Jimmy Bain: Bottoms Up!
by Martin Popoff
Yes indeed, Scottish-Canadian-American bass legend Jimmy Bain has seen the rise, having toured and written through the classic years of both Rainbow and Dio. And he's most definitely seen the fall, having spent much of his productive years and the hazy '90s "falling foul to the demon drugs" intimating that "I did everything, but heroin was my drug of choice." Now one year clean and as personable and articulate as ever, Bain is set to resume a career too long on the sidelines, likely seeing active duty as part of Dio's new Magica album, as well as shopping his personal project The Key, featuring Tracy G. and a drummer who is now (he thinks) working with David Lee Roth.

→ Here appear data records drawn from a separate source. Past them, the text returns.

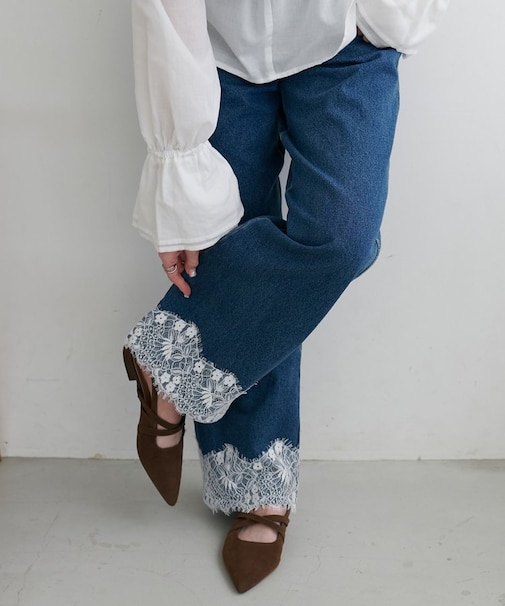 ライトオンス裾レースデニムストレートパンツ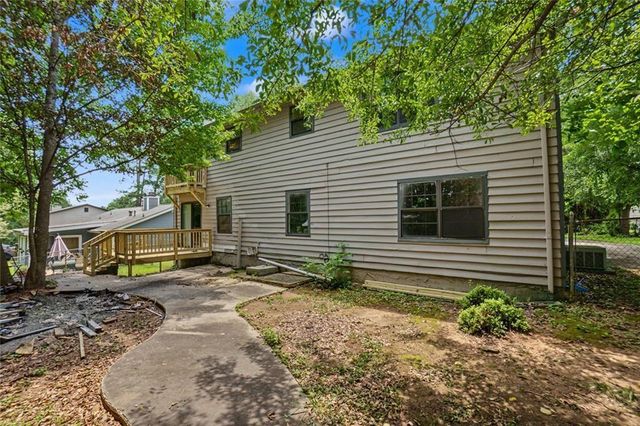 2822 WoodHollow Lane, Jonesboro, GA 30236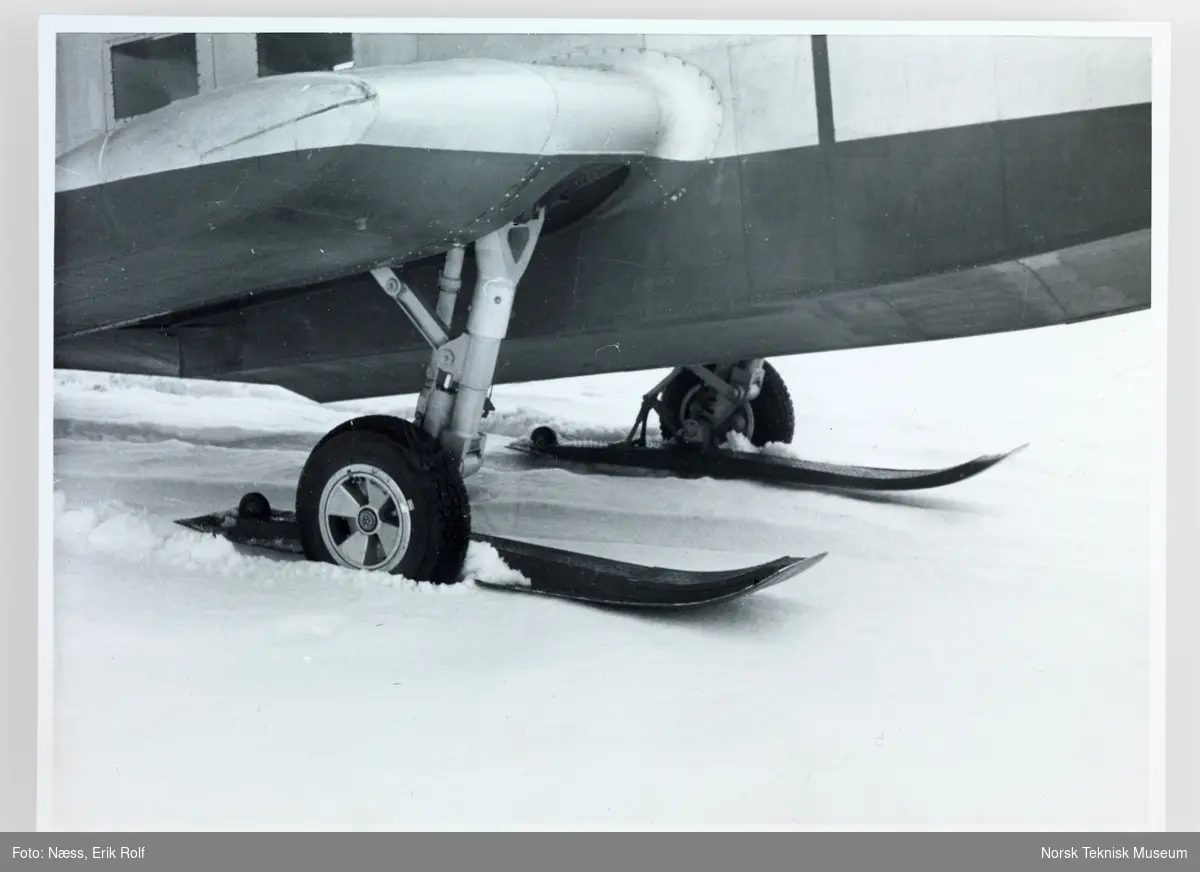 Detalj fra flyet 5-A "Finnmark": hjul og skimeier på snø.
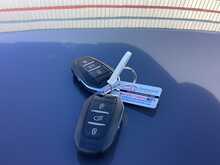 Peugeot E-2008 Allure - U43830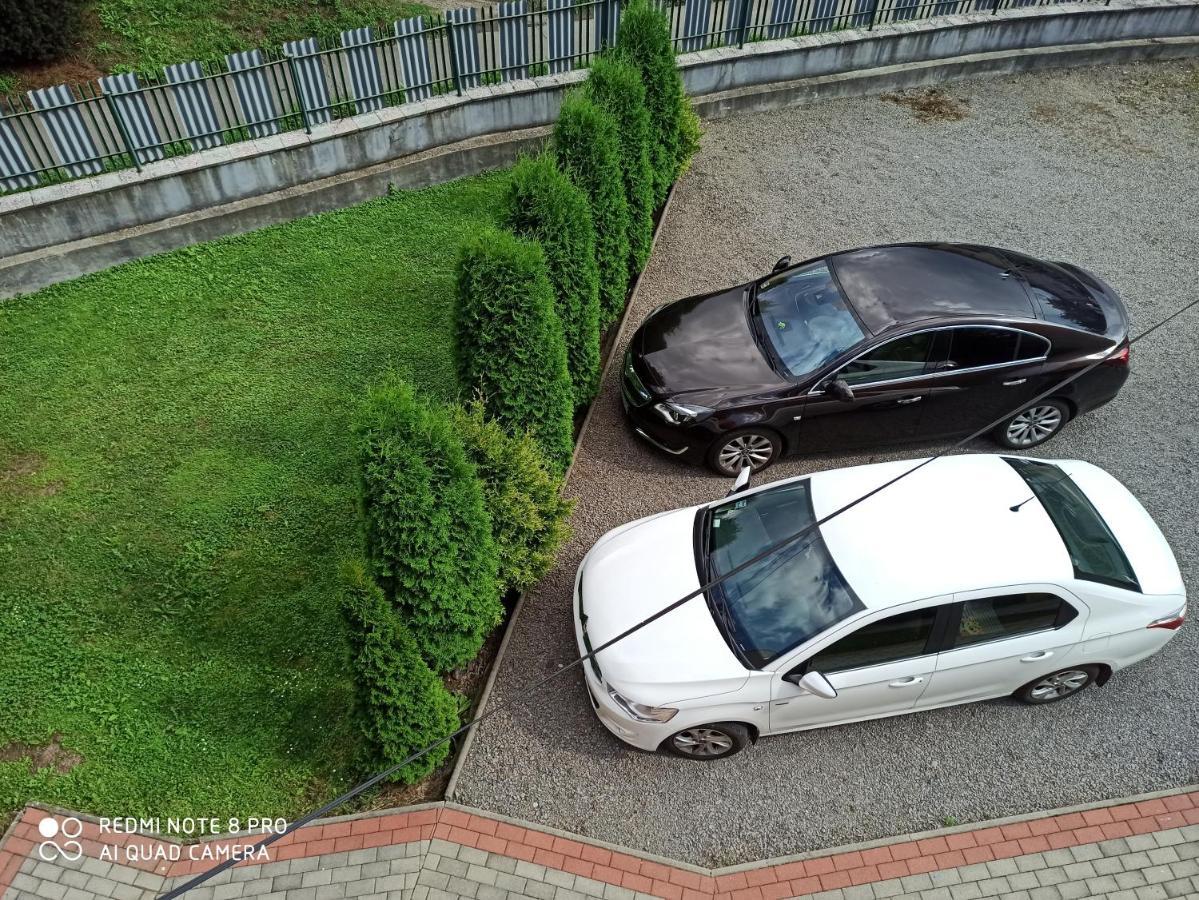 Bomba Ubytko Apartamento Snina Exterior foto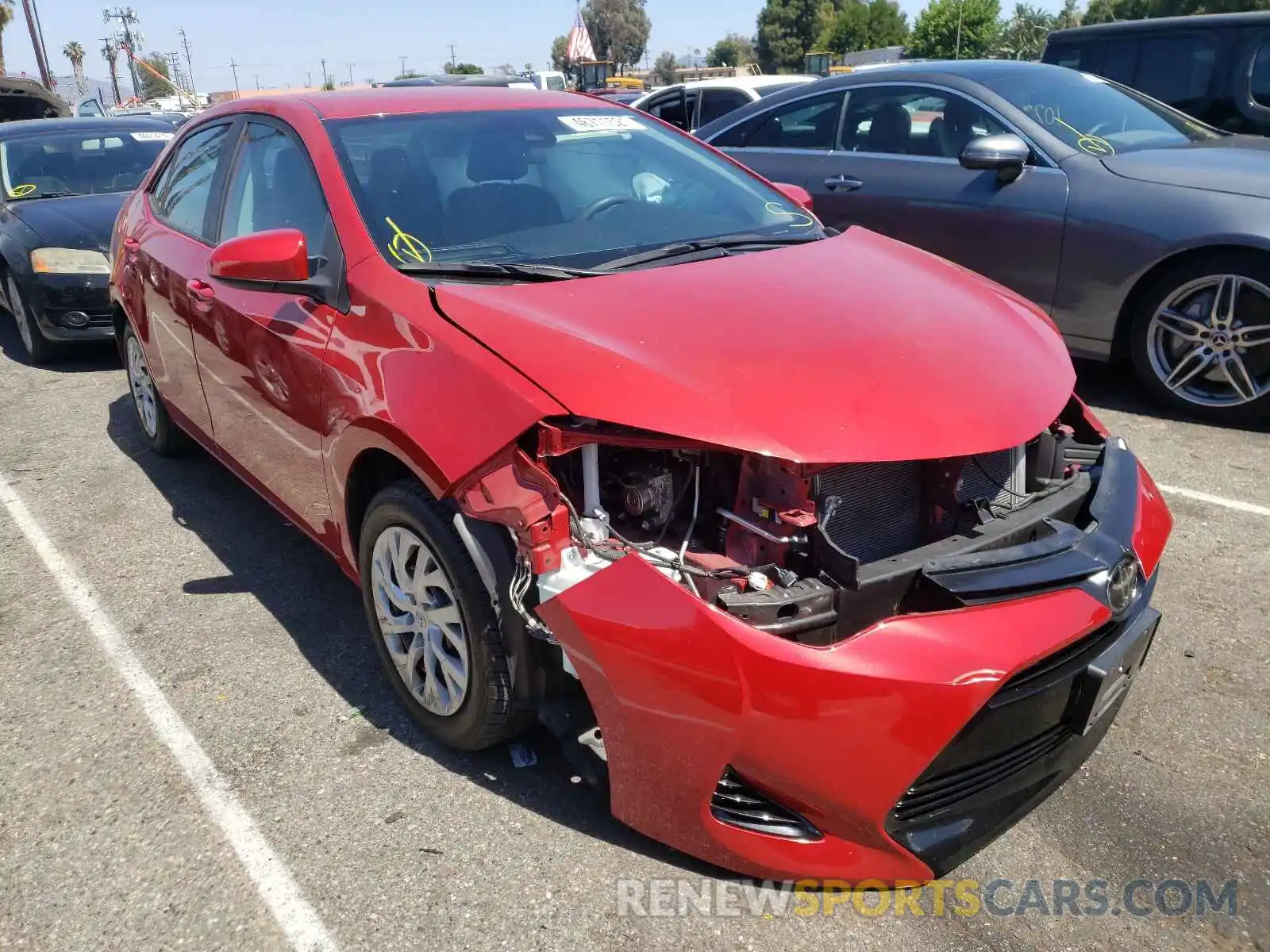 1 Photograph of a damaged car 2T1BURHE5KC144072 TOYOTA COROLLA 2019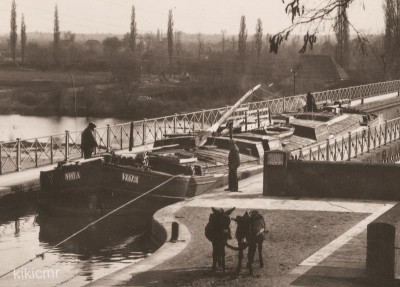 Digoin (Saône-et-Loire) - Pont aqueduc sur la Loire (2) (Copier).jpg (73.53 Kio) Vu 1825 fois Digoin (Saône-et-Loire) - Pont aqueduc sur la Loire (2) (Copier).jpg
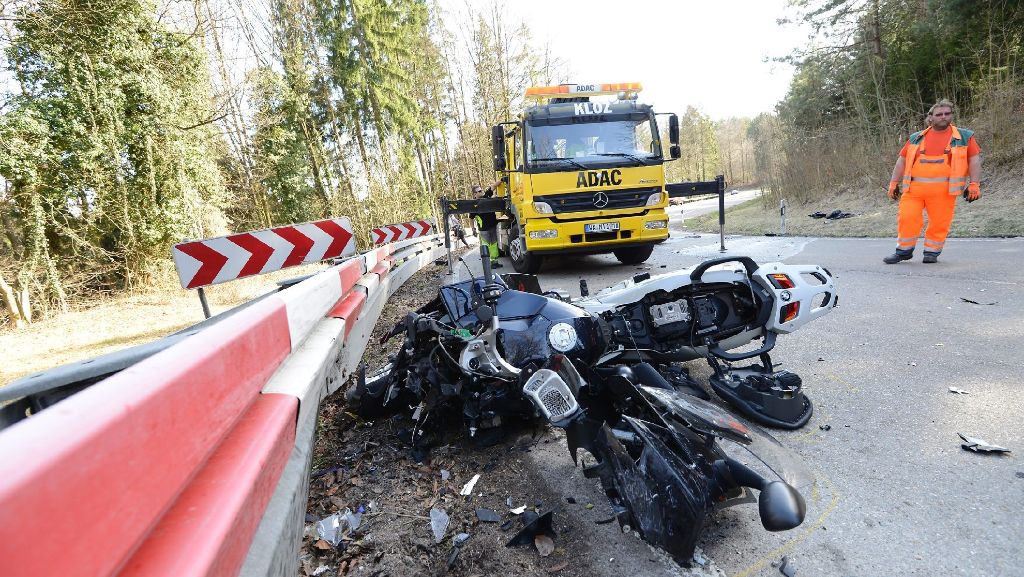 Sulzbach/Murr: Zwei Schwerstverletzte bei Motorradunfall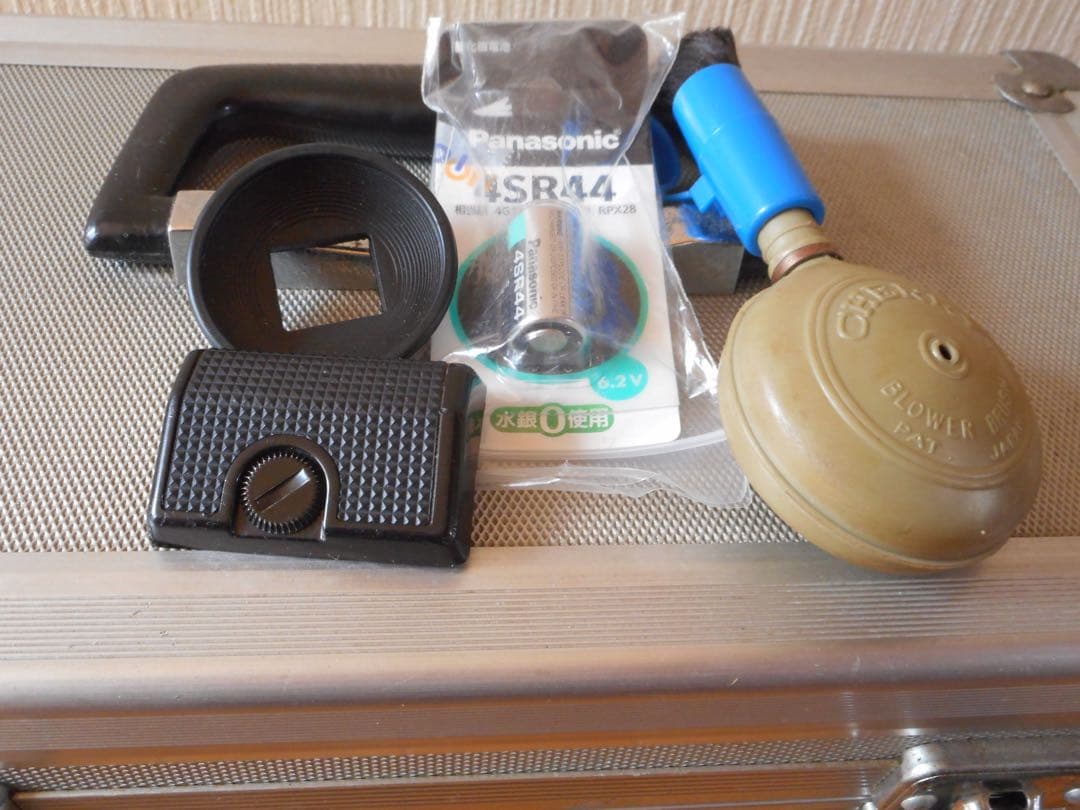 CANON AE-1 PROGRAM レンズ 35-70mm 1:4 ケース付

HardRadio got a bit of a career retrospective from this talented metal legend, a bassist, keyboardist, and singer, who - don't forget - co-wrote fully 17 tracks from Dio's first four albums. In addition to the Dio records, Bain was on the first three Rainbow albums, did two records with Brian Robertson as Wild Horses, was integral to the overlooked WWIII project, worked on both of Phil Lynott's solo albums, played uncredited bass on Scorpions' Love At First Sting, and worked with Kate Bush, John Cale, Gary Moore as well as contributing to another 25 or so records throughout the rock world. To commemorate the man's return, HardRadio gathered Mr. Bain to recount a few tales from his blessed metal past. Enjoy!
On joining Rainbow...
"It's actually a crazy story. When I was living in London I was living with a couple of roadies who were also Scottish. One of them, named Fergie, worked with Jethro Tull and the other one worked with Ritchie. He was with a band called Badfinger before that. Ritchie decided to leave Deep Purple and planned to put the Rainbow together, and he did it with Ronnie and the guys from Elf. But he didn't really like the bass player at all so he was going to be the first to get replaced. So I got a call from this guy Fergie, from LA, and I was in London, it was about 3:00 in the morning on a Wednesday. And he said 'Ritchie's looking for a bass player blah blah blah,' and the next minute he hands the phone to Ritchie and he talks to me for about an hour. And he basically asked me when I was playing next. And I said, at the weekend. We had a residency at the Marquee for about six Sunday nights. So he said, 'well, I'll come over and check you out.' And I was going, 'yeah, sure, sure.' You think there's no way that's going to happen. On the Sunday when I went down to the bar, just down from the Marquee, I walked in and there was Blackmore and Ronnie Dio, and their manager and Fergie, and a couple of other people that had flown over from L.A. to check me out. So with my band unfortunately, the two guitar players couldn't play a note, and the drummer, you know, he just drank too much Guinness or something like that. The band just completely sucked, you now? And I thought, 'oh, there we go, there's my big chance to get into something good.' But then Ritchie took me aside after. I was apologizing because the band really didn't play very well, and he said, 'well, they made you look really good.' And a couple of weeks later I was in L.A. and I had gotten the gig with Rainbow. And then later he threw out most of the other guys in the band and replaced them with Cozy and Tony Carey, and then we went and did Rainbow Rising."